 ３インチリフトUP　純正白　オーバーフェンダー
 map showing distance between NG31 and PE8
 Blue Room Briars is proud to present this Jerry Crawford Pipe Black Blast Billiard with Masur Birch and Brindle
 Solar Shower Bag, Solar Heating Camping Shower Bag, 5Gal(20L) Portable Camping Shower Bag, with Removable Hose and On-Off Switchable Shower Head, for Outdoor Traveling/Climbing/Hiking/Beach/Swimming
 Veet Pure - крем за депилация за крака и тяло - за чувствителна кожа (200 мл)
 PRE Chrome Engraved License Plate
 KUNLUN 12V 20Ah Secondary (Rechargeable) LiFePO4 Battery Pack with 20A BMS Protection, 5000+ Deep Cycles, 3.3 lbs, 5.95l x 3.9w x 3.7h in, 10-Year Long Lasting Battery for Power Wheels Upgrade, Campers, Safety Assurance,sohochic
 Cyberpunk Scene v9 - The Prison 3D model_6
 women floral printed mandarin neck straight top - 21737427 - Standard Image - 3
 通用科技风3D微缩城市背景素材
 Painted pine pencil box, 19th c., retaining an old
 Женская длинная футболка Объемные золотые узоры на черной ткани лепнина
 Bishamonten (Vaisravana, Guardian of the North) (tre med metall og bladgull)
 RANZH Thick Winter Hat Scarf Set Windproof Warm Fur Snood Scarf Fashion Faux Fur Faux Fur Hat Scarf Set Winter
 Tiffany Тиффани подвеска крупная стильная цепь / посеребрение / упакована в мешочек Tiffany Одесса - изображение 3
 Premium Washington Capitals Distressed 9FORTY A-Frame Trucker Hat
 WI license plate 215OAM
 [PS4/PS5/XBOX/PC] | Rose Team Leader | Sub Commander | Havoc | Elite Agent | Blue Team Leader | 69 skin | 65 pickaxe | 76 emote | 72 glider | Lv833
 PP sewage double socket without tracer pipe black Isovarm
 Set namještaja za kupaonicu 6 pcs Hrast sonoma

======

Task objective: Take the line holding "[PS4/PS5/XBOX/PC] | Rose" and all lines after it through the end of the data, and set them down exactly.

Output of the task:
 [PS4/PS5/XBOX/PC] | Rose Team Leader | Sub Commander | Havoc | Elite Agent | Blue Team Leader | 69 skin | 65 pickaxe | 76 emote | 72 glider | Lv833
 PP sewage double socket without tracer pipe black Isovarm
 Set namještaja za kupaonicu 6 pcs Hrast sonoma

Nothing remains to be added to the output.